You need to explain topics found in news articles to your team.
You want to check if your topic model grouped words well.
You want to compare topics from different sets of documents.
Syntax
NLP
import pyLDAvis
import pyLDAvis.sklearn

# Prepare visualization data
vis_data = pyLDAvis.sklearn.prepare(lda_model, dtm, vectorizer)

# Show visualization in notebook or save as html
pyLDAvis.display(vis_data)
# or
pyLDAvis.save_html(vis_data, 'lda_vis.html')

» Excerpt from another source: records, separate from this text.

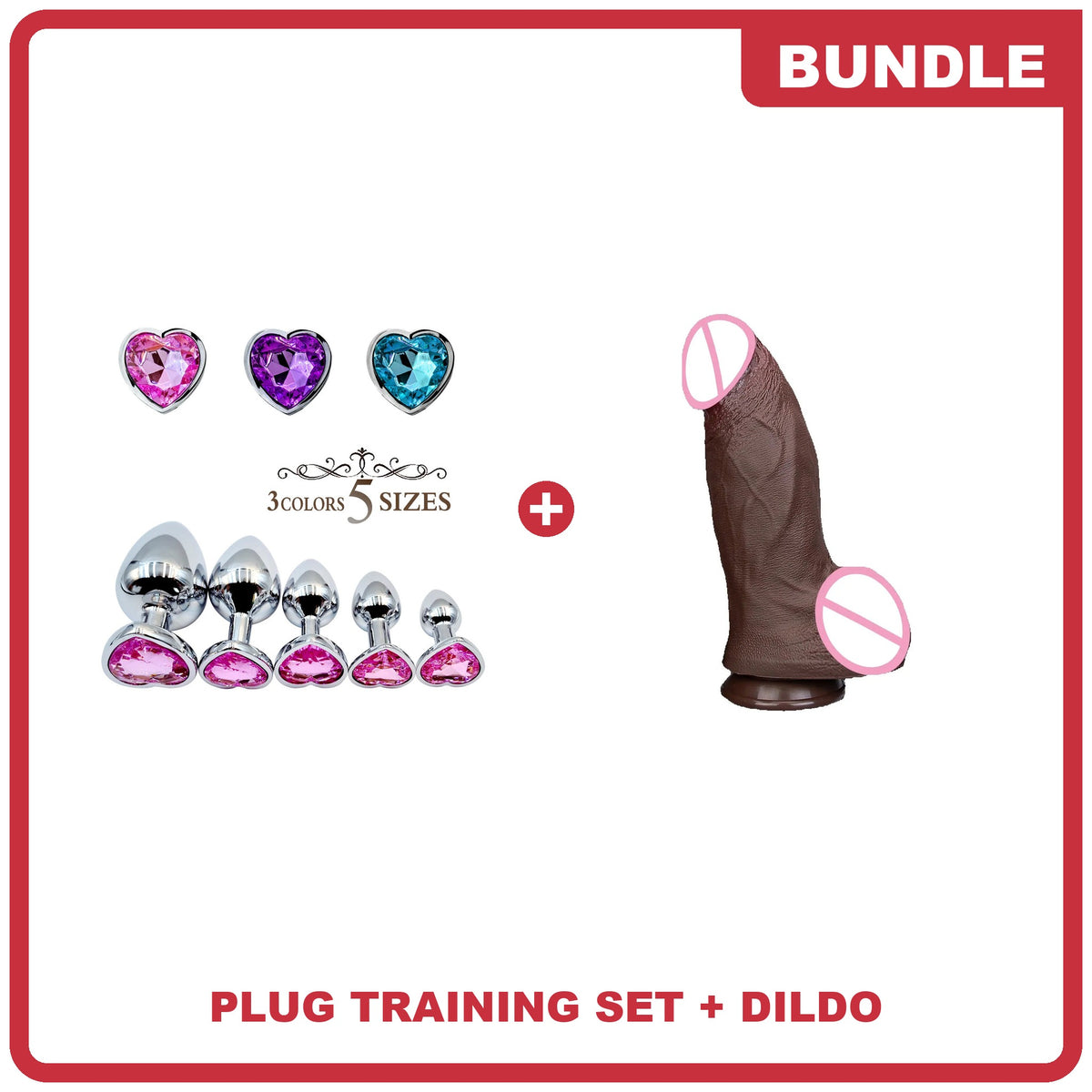 Plug training set and realistic dildo bundle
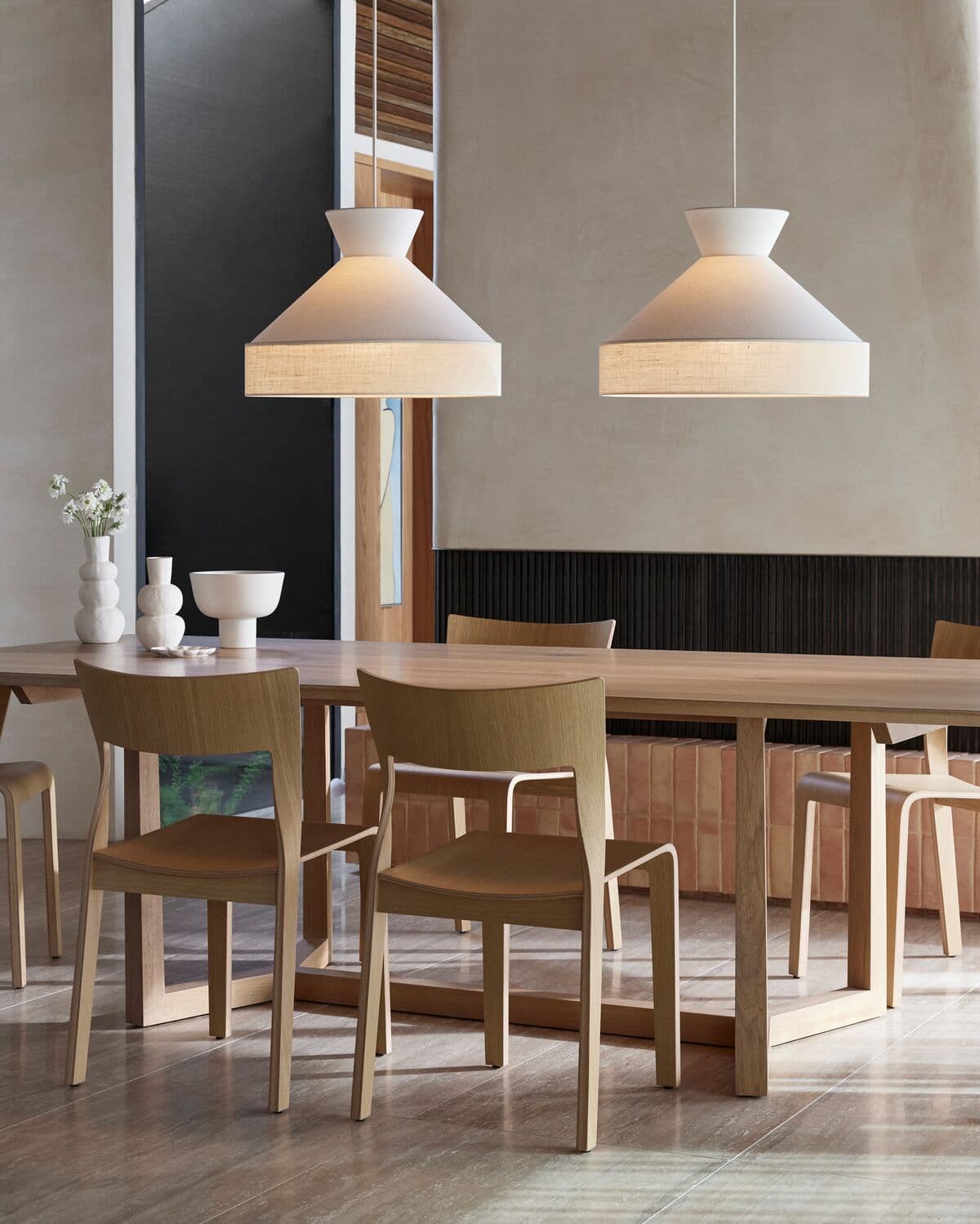 Calido Flare Shade Only in White Linen with Bleached Hessian | Beacon Lighting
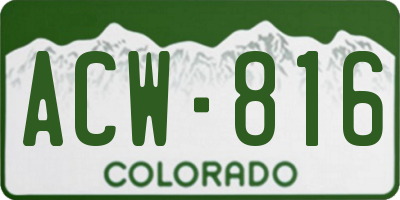CO license plate ACW816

lda_model is your trained topic model.

dtm is the document-term matrix used for training.

Examples
Visualize topics directly in a Jupyter notebook.
NLP
import pyLDAvis
import pyLDAvis.sklearn
vis_data = pyLDAvis.sklearn.prepare(lda, dtm, vectorizer)
pyLDAvis.display(vis_data)
Save the interactive visualization as an HTML file to open in a browser later.
NLP
pyLDAvis.save_html(vis_data, 'topics.html')
Sample Model

This code trains a simple topic model on a few sentences, then creates and saves an interactive visualization showing the topics and important words.

NLP
from sklearn.feature_extraction.text import CountVectorizer
from sklearn.decomposition import LatentDirichletAllocation
import pyLDAvis
import pyLDAvis.sklearn

# Sample documents
texts = [
    'I love reading books about science and technology.',
    'The new movie was fantastic and thrilling.',
    'Technology advances help science grow.',
    'Movies and books are great entertainment.',
    'Science and technology are closely related fields.'
]

# Convert texts to document-term matrix
vectorizer = CountVectorizer(stop_words='english')
dtm = vectorizer.fit_transform(texts)

# Train LDA model with 2 topics
lda = LatentDirichletAllocation(n_components=2, random_state=42)
lda.fit(dtm)

# Prepare visualization
vis_data = pyLDAvis.sklearn.prepare(lda, dtm, vectorizer)

# Save visualization to HTML
pyLDAvis.save_html(vis_data, 'lda_visualization.html')

print('LDA visualization saved as lda_visualization.html')
OutputSuccess
Important Notes

pyLDAvis works best with models trained on CountVectorizer or similar.

Open the saved HTML file in a web browser to explore topics interactively.

Each bubble in the visualization shows a topic; bigger means more common.

Summary

pyLDAvis helps you see and understand topics found in text data.

You prepare data from your model and then display or save the visualization.

Interactive visuals make it easier to explain what your topic model learned.